╭─ RECORDS FOR PROCESSING

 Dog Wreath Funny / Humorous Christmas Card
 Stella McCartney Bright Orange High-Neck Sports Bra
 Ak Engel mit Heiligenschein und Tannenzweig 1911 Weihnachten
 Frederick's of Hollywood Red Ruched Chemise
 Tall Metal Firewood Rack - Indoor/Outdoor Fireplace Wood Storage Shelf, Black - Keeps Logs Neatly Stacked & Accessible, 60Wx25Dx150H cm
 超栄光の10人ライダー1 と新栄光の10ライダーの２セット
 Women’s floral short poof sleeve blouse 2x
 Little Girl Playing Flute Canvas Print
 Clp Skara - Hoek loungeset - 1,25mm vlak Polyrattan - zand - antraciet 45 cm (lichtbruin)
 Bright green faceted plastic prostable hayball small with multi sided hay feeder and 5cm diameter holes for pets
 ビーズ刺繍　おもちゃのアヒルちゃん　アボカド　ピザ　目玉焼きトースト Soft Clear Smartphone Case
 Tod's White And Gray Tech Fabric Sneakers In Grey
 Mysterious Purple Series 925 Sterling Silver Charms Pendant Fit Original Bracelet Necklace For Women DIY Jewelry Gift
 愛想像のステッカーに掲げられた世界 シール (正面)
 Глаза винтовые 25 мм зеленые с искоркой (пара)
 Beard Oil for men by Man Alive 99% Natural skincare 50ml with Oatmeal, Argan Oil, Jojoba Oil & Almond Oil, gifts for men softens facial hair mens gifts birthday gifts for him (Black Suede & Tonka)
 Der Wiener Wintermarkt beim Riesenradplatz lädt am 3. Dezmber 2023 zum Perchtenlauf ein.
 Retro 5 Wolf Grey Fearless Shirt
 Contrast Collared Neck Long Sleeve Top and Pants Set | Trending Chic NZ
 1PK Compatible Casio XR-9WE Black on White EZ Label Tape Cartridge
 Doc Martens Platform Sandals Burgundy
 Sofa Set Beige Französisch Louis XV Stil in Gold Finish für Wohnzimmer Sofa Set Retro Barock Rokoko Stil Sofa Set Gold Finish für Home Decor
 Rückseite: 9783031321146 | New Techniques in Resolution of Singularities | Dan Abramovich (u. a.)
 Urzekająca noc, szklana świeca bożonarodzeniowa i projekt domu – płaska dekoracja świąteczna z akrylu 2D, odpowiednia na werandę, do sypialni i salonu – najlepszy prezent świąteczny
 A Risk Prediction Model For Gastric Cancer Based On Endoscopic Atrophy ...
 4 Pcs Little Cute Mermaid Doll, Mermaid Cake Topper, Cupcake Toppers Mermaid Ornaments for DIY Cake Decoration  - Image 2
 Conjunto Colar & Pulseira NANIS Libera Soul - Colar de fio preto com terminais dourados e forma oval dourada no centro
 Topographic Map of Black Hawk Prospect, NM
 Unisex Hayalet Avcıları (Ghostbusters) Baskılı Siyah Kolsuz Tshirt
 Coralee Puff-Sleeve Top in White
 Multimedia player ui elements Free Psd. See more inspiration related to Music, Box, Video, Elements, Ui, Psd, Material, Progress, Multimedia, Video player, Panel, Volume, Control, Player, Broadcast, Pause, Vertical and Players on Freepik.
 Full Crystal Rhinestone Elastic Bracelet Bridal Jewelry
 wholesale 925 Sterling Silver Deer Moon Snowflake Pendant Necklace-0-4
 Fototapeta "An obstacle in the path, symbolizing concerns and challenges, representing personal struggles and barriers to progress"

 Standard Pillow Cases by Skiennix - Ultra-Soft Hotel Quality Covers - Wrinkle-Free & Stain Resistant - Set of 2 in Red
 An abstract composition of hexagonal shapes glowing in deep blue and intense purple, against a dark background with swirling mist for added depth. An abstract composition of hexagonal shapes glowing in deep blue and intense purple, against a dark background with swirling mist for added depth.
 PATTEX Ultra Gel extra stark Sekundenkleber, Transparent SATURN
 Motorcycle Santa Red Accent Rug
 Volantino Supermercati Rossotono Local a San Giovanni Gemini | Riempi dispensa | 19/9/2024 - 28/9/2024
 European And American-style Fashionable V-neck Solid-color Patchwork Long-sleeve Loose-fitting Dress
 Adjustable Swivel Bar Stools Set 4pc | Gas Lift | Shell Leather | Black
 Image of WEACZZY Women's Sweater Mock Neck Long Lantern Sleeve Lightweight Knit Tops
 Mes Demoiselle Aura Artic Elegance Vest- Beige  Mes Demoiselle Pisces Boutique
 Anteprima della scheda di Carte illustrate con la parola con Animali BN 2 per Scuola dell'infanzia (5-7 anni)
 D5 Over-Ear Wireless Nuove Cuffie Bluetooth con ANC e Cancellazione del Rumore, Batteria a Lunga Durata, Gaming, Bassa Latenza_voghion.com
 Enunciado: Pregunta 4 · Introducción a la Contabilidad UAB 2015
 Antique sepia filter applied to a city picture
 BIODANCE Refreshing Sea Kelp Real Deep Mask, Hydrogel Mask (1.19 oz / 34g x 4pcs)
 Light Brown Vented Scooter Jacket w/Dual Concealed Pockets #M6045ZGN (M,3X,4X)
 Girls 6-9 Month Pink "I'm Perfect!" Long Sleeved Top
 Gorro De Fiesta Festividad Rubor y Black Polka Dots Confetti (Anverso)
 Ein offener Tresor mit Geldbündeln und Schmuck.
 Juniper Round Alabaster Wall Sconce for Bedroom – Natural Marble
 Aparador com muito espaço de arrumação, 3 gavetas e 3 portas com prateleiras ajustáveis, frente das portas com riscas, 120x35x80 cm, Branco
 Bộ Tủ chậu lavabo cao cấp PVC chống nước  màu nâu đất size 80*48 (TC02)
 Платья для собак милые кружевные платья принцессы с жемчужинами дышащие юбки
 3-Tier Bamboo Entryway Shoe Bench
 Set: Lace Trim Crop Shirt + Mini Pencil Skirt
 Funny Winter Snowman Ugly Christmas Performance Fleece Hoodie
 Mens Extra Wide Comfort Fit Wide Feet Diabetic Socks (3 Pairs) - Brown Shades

╰─

## EXERCISE GOAL
Scan the preceding listing for lines that contain the word "with". Give only how many there are.

## EXPECTED ANSWER
3